Choice 1 - *$749.99*
INSPIRON 14Z	Inspiron 14z	
PROCESSOR	2nd generation Intel®Core™ processor i5-2430M (2.4GHz) with Intel HD Graphic 3000	
COLOR	Espresso Black	
MEMORY	8GB Shared Dual Channel DDR3 Memory	
HARD DRIVE	750GB 7200 RPM SATA Hard Drive	
DISPLAY	14 inch High Definition LED Display (1366 x 768) with True-Life	
WIRELESS CARDS	Intel® Centrino® Wireless-N 1030 & Bluetooth 3.0	
BATTERY OPTIONS	65 WHr 6-cell Lithium Ion Primary Battery	
INTERNAL OPTICAL DRIVE	8x CD/DVD Burner (Dual Layer DVD +/-R Drive) with Roxio Starter	
SOUND OPTIONS	HD Audio 2.0 Support SRS™ Premium Sound	
Adobe Reader	Adobe Acrobat X Reader	
Webcam	Integrated 1.0MP HD Webcam	
WIDI	Wireless Display Application & Driver	
Network Card	Integrated 10/100 Network Card

Choice 2 - *$549.99*
Genuine Windows 7 Home Premium 64-bit
AMD Quad-Core A6-3420M Accelerated Processor (2.4GHz/1.5GHz, 4MB L2 Cache)
AMD Radeon(TM) Discrete-Class Graphics [HDMI, VGA]
FREE UPGRADE to 6GB DDR3 System Memory (2 Dimm)
FREE UPGRADE to 640GB 5400 rpm Hard Drive with HP ProtectSmart Hard Drive Protection
No Additional Office Software
No additional security software
6 Cell Lithium Ion Battery (standard)
15.6" High Def LED HP Brightview (1366x768)
SuperMulti 8X DVD+/-R/RW with Double Layer Support
HP TrueVision HD Webcam with Integrated Digital Microphone and HP SimplePass Fingerprint Reader
802.11b/g/n WLAN

Choice 3 - *$484.99*
Genuine Windows 7 Home Premium 64-bit
AMD Dual-Core Processor E-450(1.65GHz, 1MB L2 Cache) + AMD Radeon HD 6320M Discrete-Class Graphics
6GB DDR3 System Memory (2 Dimm)
320GB 5400 rpm Hard Drive with HP ProtectSmart Hard Drive Protection
No Additional Office Software
No additional security software
6 Cell Lithium Ion Battery
11.6" diagonal High Definition HP BrightView LED Display (1366 x 768)
No Internal DVD or CD Drive
Webcam with Integrated Digital Microphone
802.11b/g/n WLAN and Bluetooth(R)


----------



## lparsons21 (Mar 4, 2006)

I tend to like Intel processors over AMD. I've just had bad luck with AMD.

And for info, the best laptop for Windows is a Mac laptop according to a few tests.
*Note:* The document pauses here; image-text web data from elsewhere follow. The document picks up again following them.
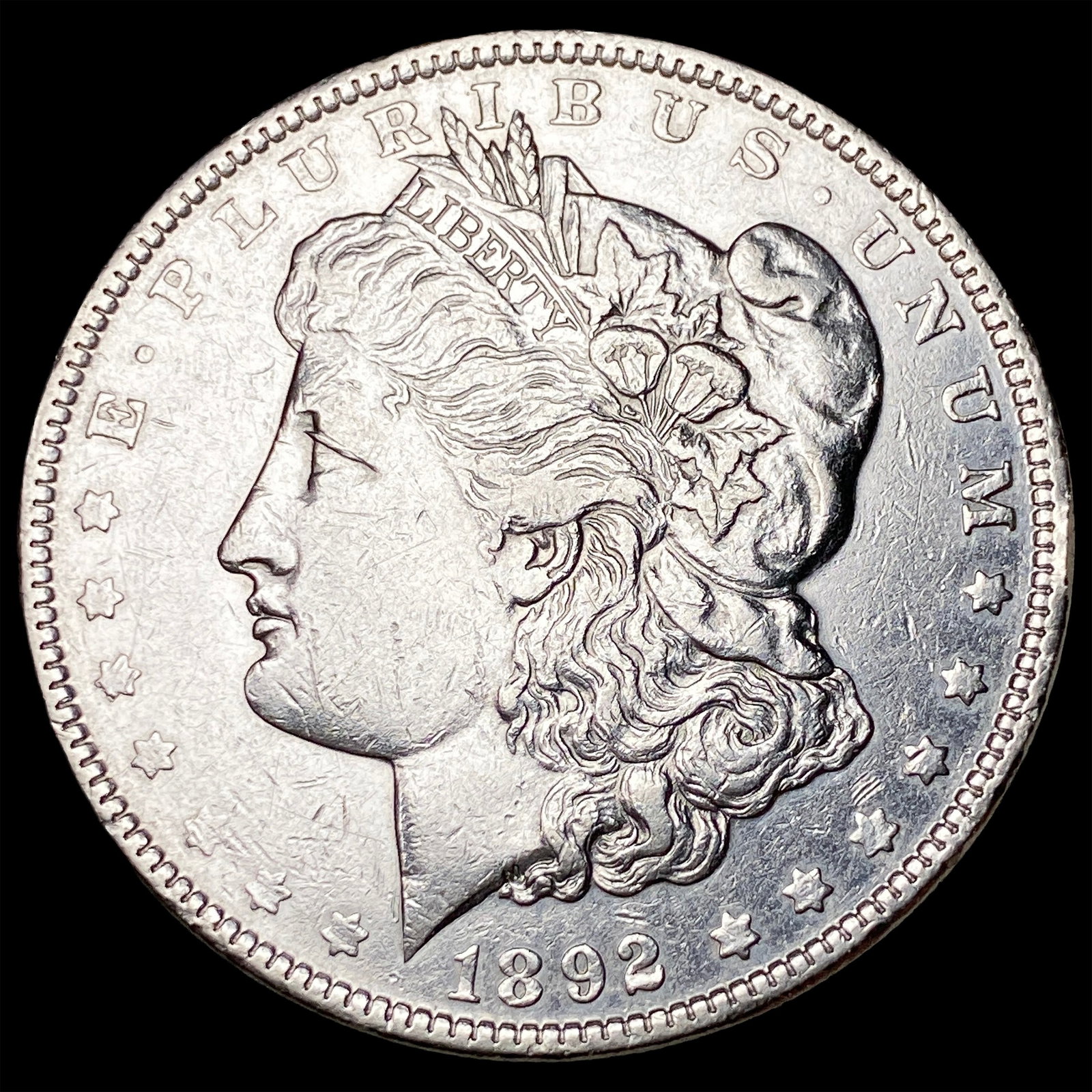1892 Morgan Silver Dollar CHOICE AU: 1892 Morgan Silver Dollar CHOICE AU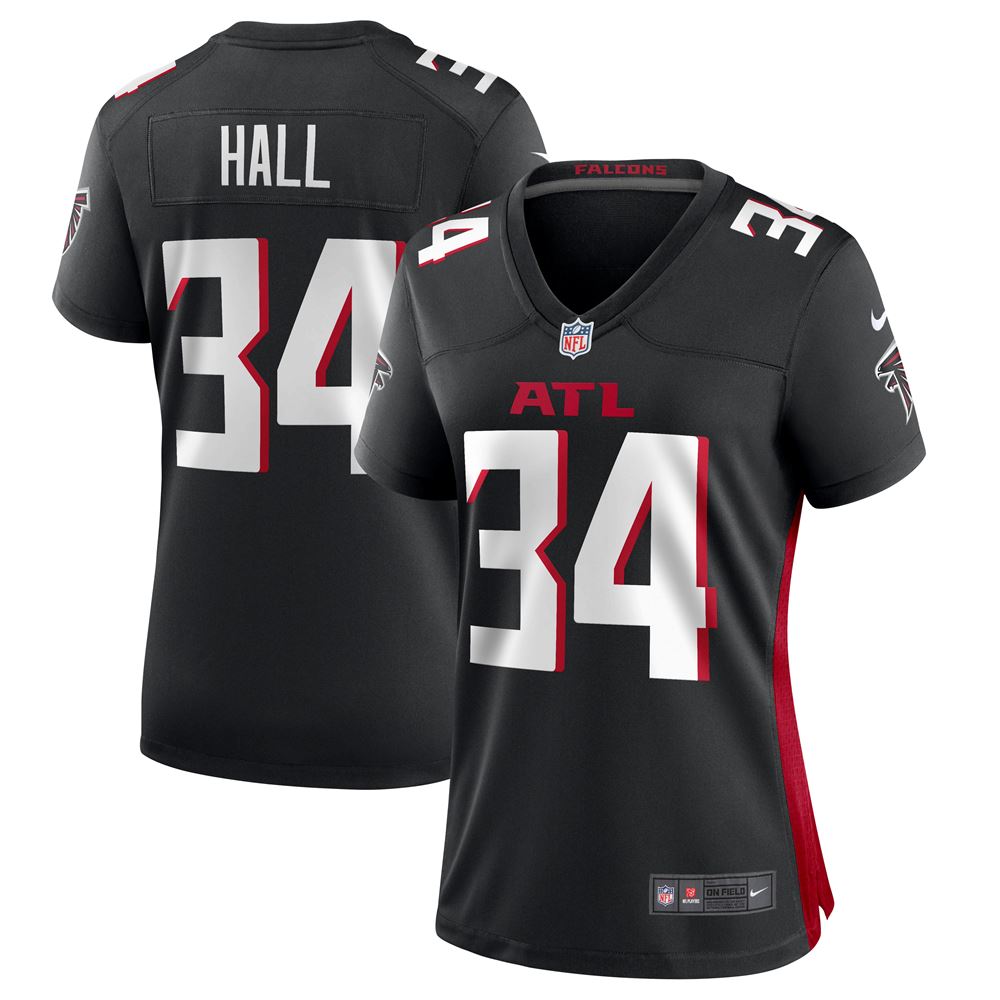 Women's Darren Hall Atlanta Falcons Womens Game Jersey Black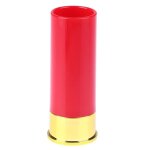 Rouge - verres a liqueur en forme de balle de fusil de chasse en plastique, bouteille de clic de voyage, ...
Just sayin...


----------



## David Ortiz (Aug 21, 2006)

sigma1914 said:


> I'm looking to replace an old POS laptop/netbook and found 3, but can't decide. Before anyone says, "Get a Mac" - I'm a PC guy, sorry.
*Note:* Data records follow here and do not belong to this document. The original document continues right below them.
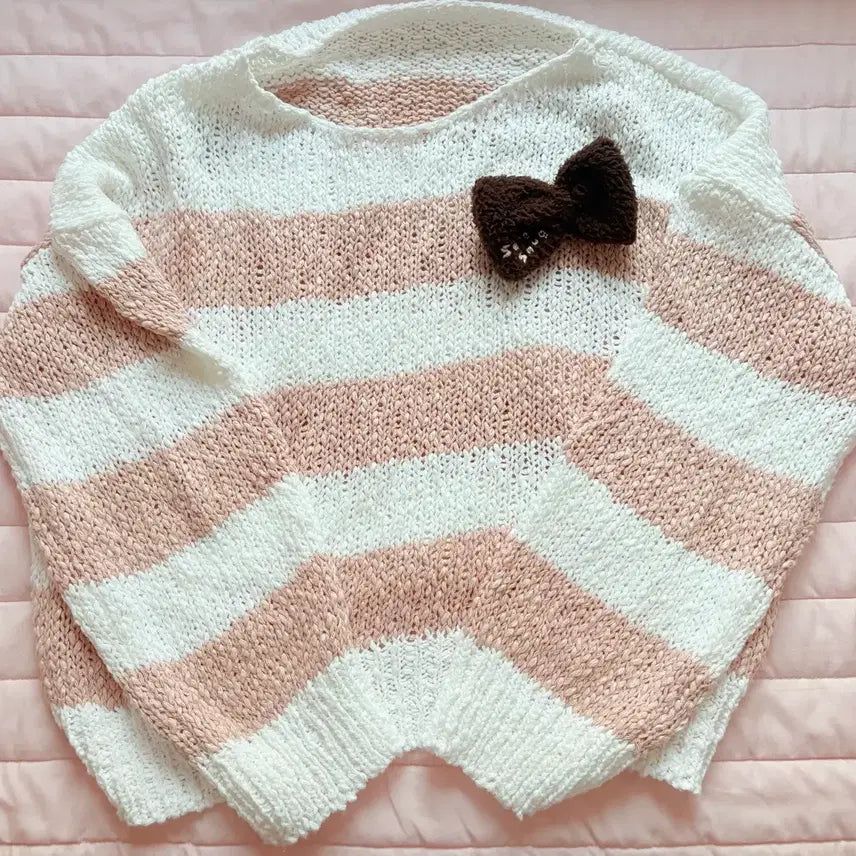 [BUNJANG] Snug Sweet Gyaru Knit Pink / snug 서냥 스너그 스위트 갸루 니트 핑크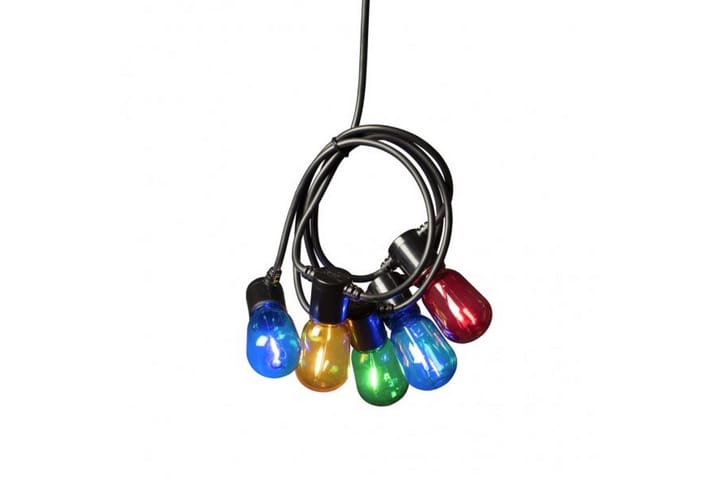 Konstsmide Slinga E14 40 färg ovala LED Flerfärgad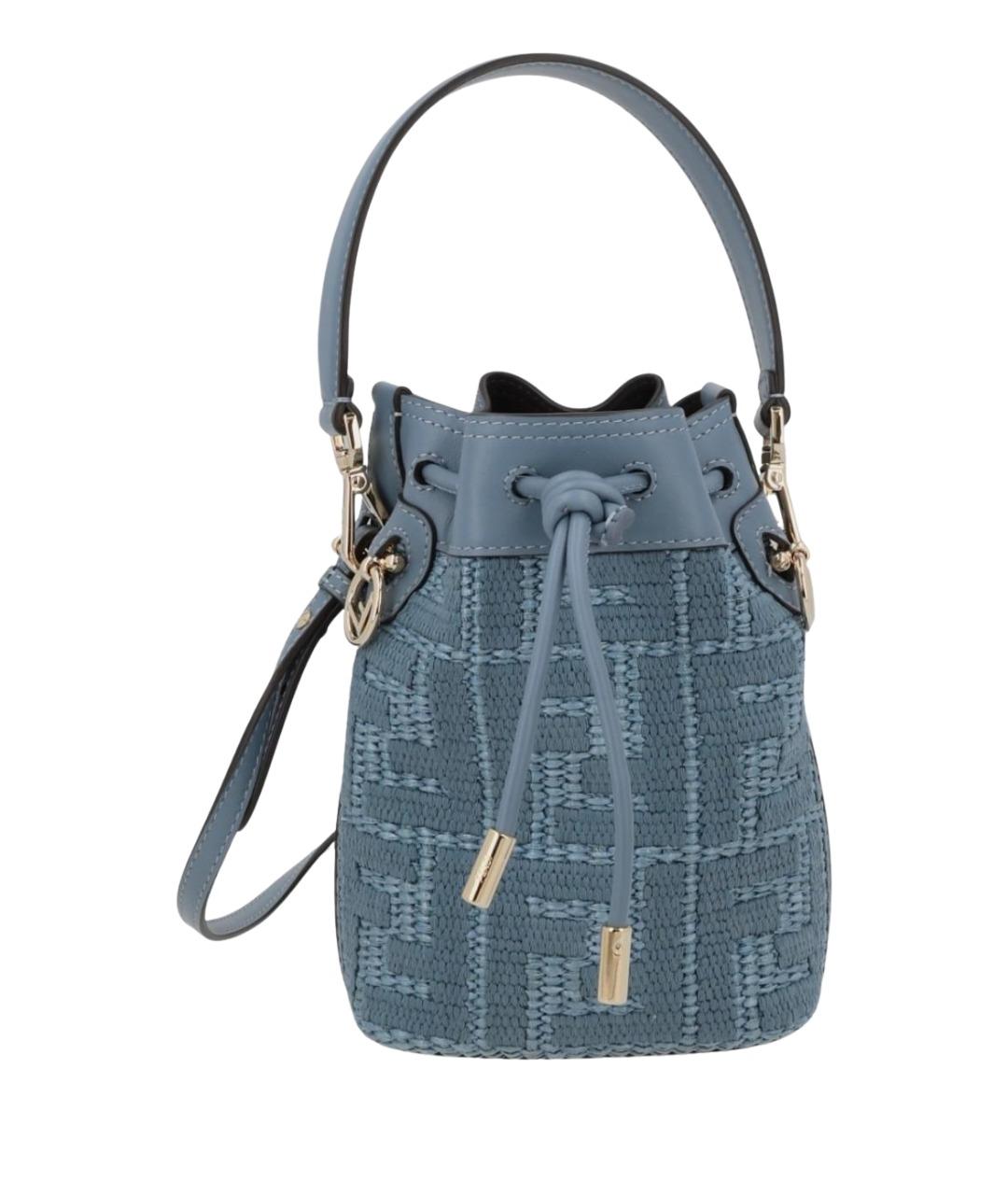 FENDI Синяя хлопковая сумка через плечо, фото 1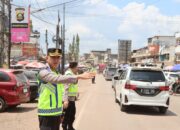 Kapolres Muba AKBP Ruri Prastowo Turun Langsung Atur Lalin di Sungai Lilin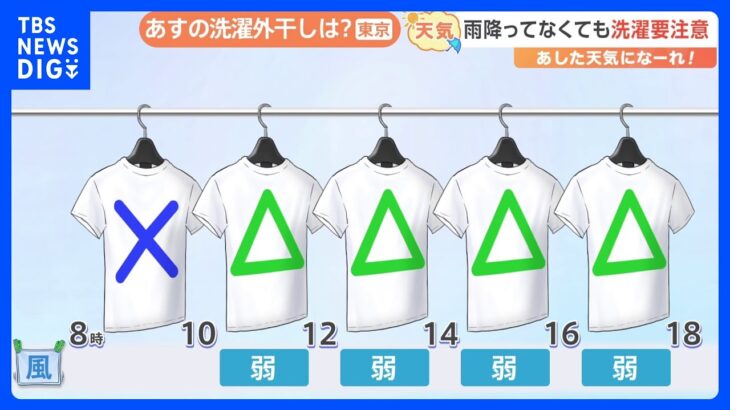 【5月30日 関東の天気】きょうの雨 あす朝まで｜TBS NEWS DIG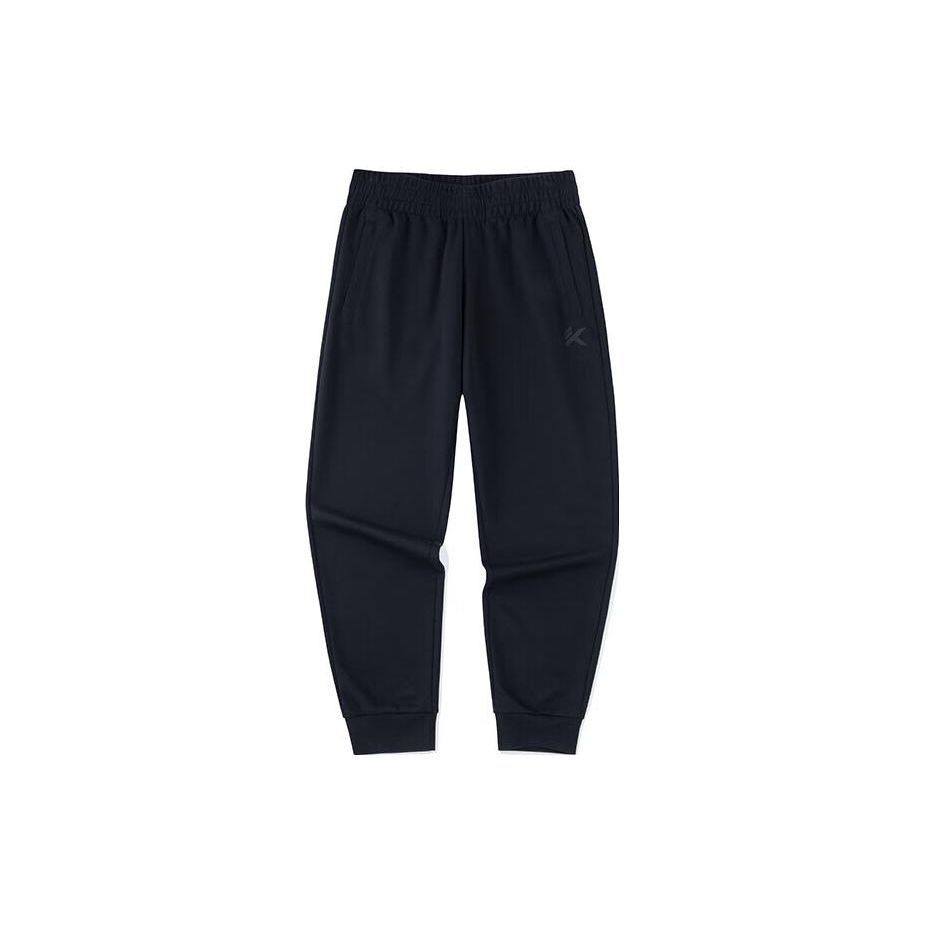 Anta Баскетбольная серия, однотонные вязаные манжеты, повседневные спортивные брюки, мужские брюки, черные 952321317-1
Congrats on the 10K posts! You have quite the range of screen sizes there. Do you have a preference?


----------



## sigma1914 (Sep 5, 2006)

David Ortiz said:


> Congrats on the 10K posts! You have quite the range of screen sizes there. Do you have a preference?


Thanks!
Not really...I can zoom if it's too small.


----------



## sigma1914 (Sep 5, 2006)

lparsons21 said:


> I tend to like Intel processors over AMD. I've just had bad luck with AMD.
> 
> And for info, the best laptop for Windows is a Mac laptop according to a few tests. Just sayin...


Isn't it a pain to put Win7 on a Macbook Air, which is a slick machine.


----------



## Earl Bonovich (Nov 15, 2005)

Out of those three... Option B.

I think the 14" screen on the more expensive one, made the big difference for me.
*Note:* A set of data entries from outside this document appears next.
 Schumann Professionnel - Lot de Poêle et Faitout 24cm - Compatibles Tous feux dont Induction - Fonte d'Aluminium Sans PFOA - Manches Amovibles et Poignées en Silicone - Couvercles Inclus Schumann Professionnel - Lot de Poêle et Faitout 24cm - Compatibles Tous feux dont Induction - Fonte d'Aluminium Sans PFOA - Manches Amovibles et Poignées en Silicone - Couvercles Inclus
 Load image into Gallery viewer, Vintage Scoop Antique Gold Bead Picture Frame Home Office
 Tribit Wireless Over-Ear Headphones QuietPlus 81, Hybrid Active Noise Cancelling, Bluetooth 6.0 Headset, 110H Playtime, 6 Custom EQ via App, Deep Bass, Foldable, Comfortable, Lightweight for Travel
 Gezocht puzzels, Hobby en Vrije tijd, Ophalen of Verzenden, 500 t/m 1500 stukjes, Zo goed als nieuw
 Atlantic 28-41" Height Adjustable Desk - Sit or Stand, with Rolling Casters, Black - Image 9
6GB -> 8GB... not much in my opinion, since you can get the other 2GB difference (maybe a 4GB chip) later on for a smaller dollar amount.

You can't upgrade the 14" screen.

The hard drive's size difference is minor, given if you are already hurting for space at 640gb, you are going to be hurting if you have the 750... and if you really need 7200rpms... you can always upgrade the hard drive later on if it is a problem.

Are you going to use WIDI? 

The rest of the software/include exclude is fluff, as none of them are the full versions.

Option C... is just throwing your money away..

I just did this whole comparison the last 72hours... Ended up with a Toshiba at right bout the same specs and pricepoint as your Option B.


----------



## lparsons21 (Mar 4, 2006)

sigma1914 said:


> Isn't it a pain to put Win7 on a Macbook Air, which is a slick machine.


Not from what I've read. They use bootcamp, which is a way and a utility to install Windows on the machine and ensure all the right drivers are there. But, all of that said, if you are thinking going that way, get into some Mac support forums and ask specific questions.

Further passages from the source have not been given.